Rename ✅ POST /lakekeeper/v1/{prefix}/generic-tables/rename
Listing + pagination ✅ Same cursor scheme as Iceberg tables
Per-action permissions ✅ 16 distinct actions (drop, undrop, read_data, write_data, get_metadata, rename, change_ownership, grant-* relations, ...)
Case-insensitive identifiers ✅ Cross-engine name resolution applies
Name uniqueness across types ✅ A generic table cannot collide with an Iceberg table or view in the same Namespace
Stored schema / statistics fields ✅ Free-form JSON; informational only
Format-agnostic ✅ format is an opaque string
Commit coordination ❌ The catalog does not arbitrate writes — engines write directly
Schema enforcement ❌ Schema is stored, not validated against data files

Lance example

Once a warehouse and namespace exist, create a Lance table via the API:

curl -X POST "$LAKEKEEPER/lakekeeper/v1/$WAREHOUSE/namespaces/ai/generic-tables" \
  -H "Authorization: Bearer $TOKEN" \
  -H "Content-Type: application/json" \
  -d '{
    "name": "image_embeddings",
    "format": "lance",
    "doc": "CLIP embeddings + thumbnails for product catalog",
    "properties": {"embedding-dim": "768"}
  }'

Then load credentials and open the dataset with LanceDB:

import requests, lance

meta = requests.get(
    f"{LAKEKEEPER}/lakekeeper/v1/{WAREHOUSE}/namespaces/ai/generic-tables/image_embeddings",
    headers={"Authorization": f"Bearer {TOKEN}"},
).json()

creds = requests.get(
    f"{LAKEKEEPER}/lakekeeper/v1/{WAREHOUSE}/namespaces/ai/generic-tables/image_embeddings/credentials",
    headers={"Authorization": f"Bearer {TOKEN}"},
).json()

ds = lance.dataset(meta["location"], storage_options=creds["storage-options"])
ds.to_table(columns=["caption", "embedding"]).filter("score > 0.8")

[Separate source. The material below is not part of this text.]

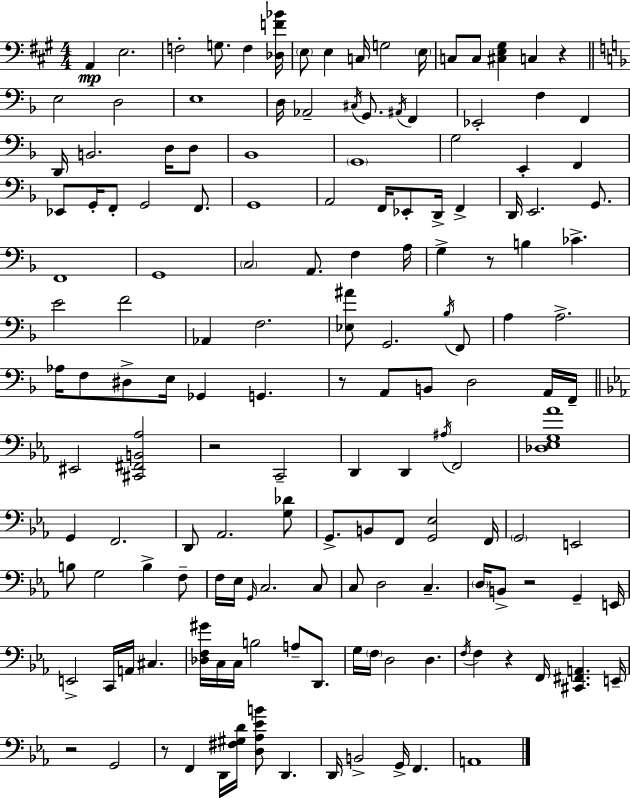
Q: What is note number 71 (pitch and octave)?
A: Gb2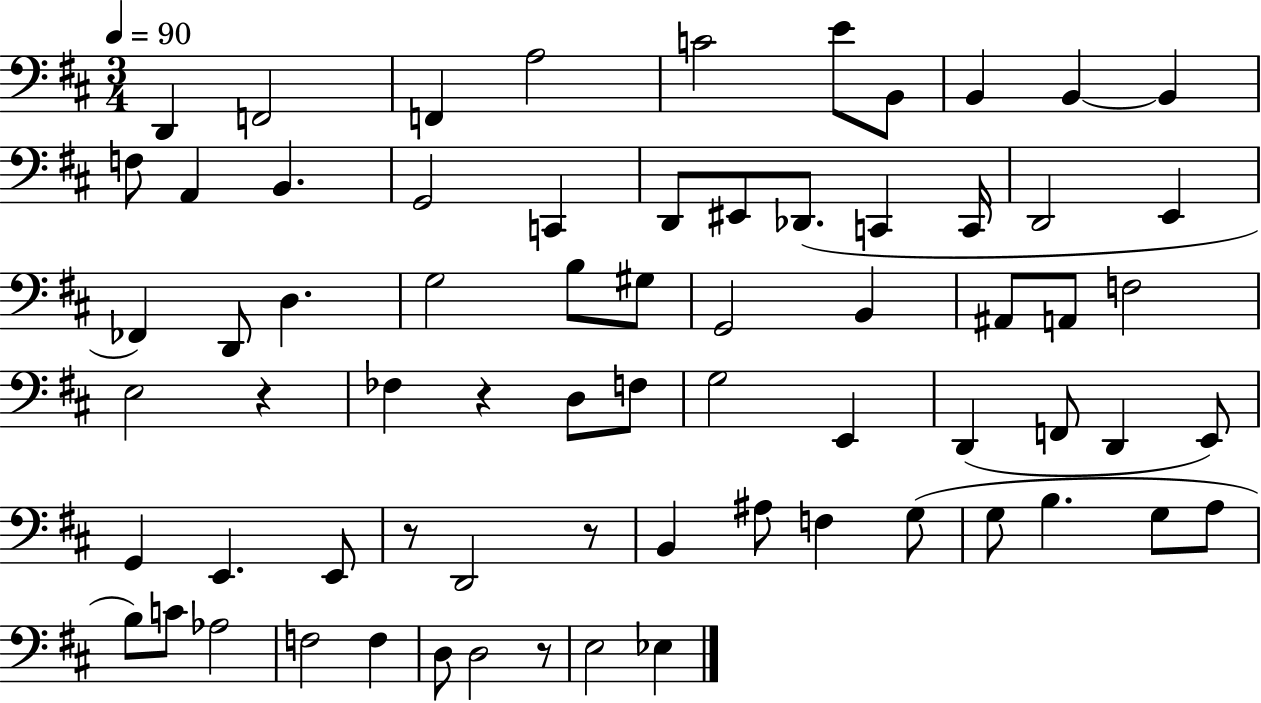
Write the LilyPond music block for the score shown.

The same credentials path works for any format — only the reader library changes.

For a runnable end-to-end example (warehouse setup, STS credentials, create/load/drop, undrop, listing), see tests/integration-tests/lance/test_lance.py.

Authorization model

Generic tables have an OpenFGA object type (lakekeeper_generic_table) parallel to lakekeeper_table and lakekeeper_view. Permissions inherit from the parent Namespace and Warehouse, and can be granted to users or roles via the standard /management/v1/permissions/generic-table/{id} endpoints. See Authorization.

Because grants are per-action, you can — for example — give an ML platform service read_data and get_metadata on every generic table in a namespace without granting drop or change_ownership.

Limits

  • The catalog does not coordinate concurrent writes. If your format requires commit coordination, the engine or the format library is responsible.
  • Schema and statistics fields are informational. Engines that need an authoritative schema should read it from the underlying files.
  • Generic tables and Iceberg tables share the namespace's identifier space — a name conflict across types is rejected at create time.